If dims and the model disagree you'll get insertion errors or silently wrong results — there's no cross-check. See Known Limitations.

Task prefixes

Some embedding models — nomic-embed-text notably — are trained with task-specific prefixes. Using them improves retrieval quality noticeably:

[embedding]
query_prefix = "search_query: "
document_prefix = "search_document: "

query_prefix is prepended to every search query before it's sent to Ollama. document_prefix is prepended to every chunk before embedding. Leave both empty for models that don't use prefixes.

Batching and timeout

[embedding]
batch_size = 128
timeout = "120s"
  • batch_size — how many chunks go into a single /api/embed request. Higher throughput on a fast GPU, more memory used on the Ollama side. Default 128 is safe for nomic-embed-text on most machines.
  • timeout — HTTP timeout for a single batch. 120s is generous; lower it if you'd rather fail fast.

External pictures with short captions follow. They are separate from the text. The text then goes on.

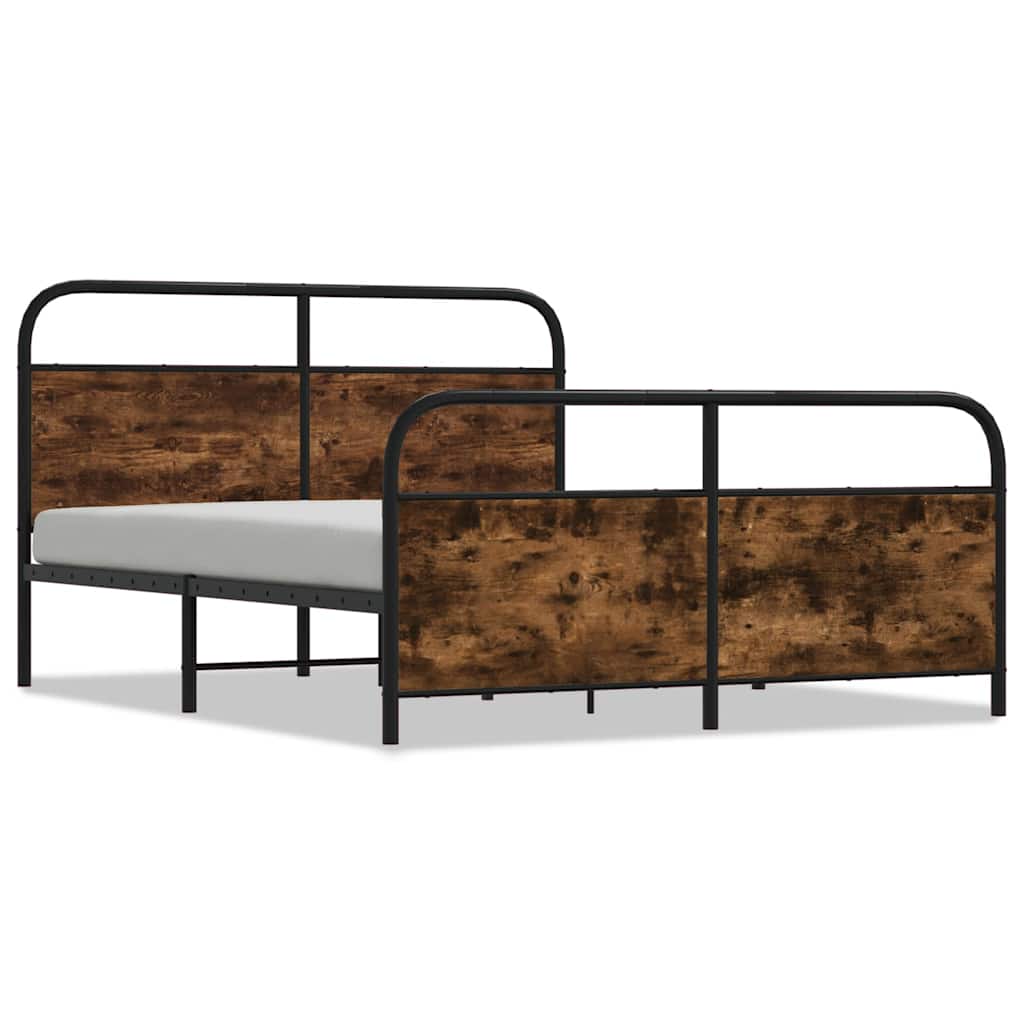 Metal Bed Frame without Mattress Smoked Oak 150x200 cm King Size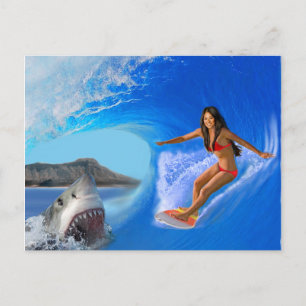 CARTE POSTALE LA SURFEUSE S'ÉCHAPPE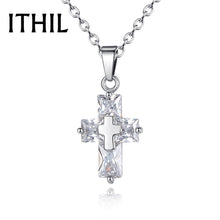 Load image into Gallery viewer, Silver/Rose Gold Color Crystal Cross Pendant Necklace For Women Cubic Zirconia Chain Necklaces Fashion Jewelry Gifts 2018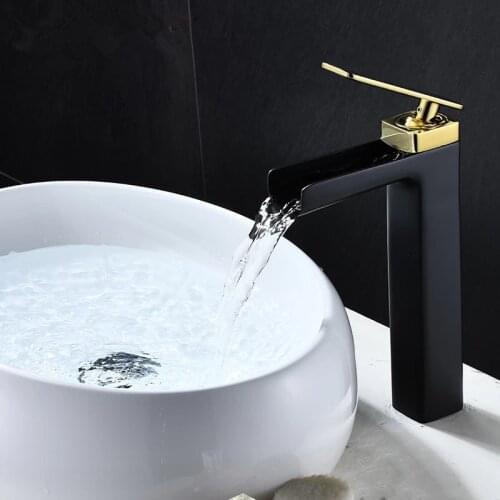 Tuqiu Black Gold Basin Faucet Bathroom Faucet Mixer Tap White Gold Basin Faucet Hot & Cold Waterfall Faucet New Arrivals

On failure the circuit breaker opens — see below.

Circuit breaker

The embedding worker wraps the Ollama client in a circuit breaker:

StateBehaviour
closedNormal operation; batches flow through.
openEmbedding paused after repeated failures. Retries after a cooldown.
half_openProbe batch in flight to see if Ollama recovered.
disabledPermanently off — either by config (embedding.enabled = false) or after extended unavailability. Restart shaktimand to retry.

Check the state with enrichment_status. When it's not closed, semantic search automatically falls back to keyword ranking.

Daemon vs CLI indexing

Shaktiman has two code paths that populate the index, and they handle embeddings differently — worth knowing so the defaults don't surprise you.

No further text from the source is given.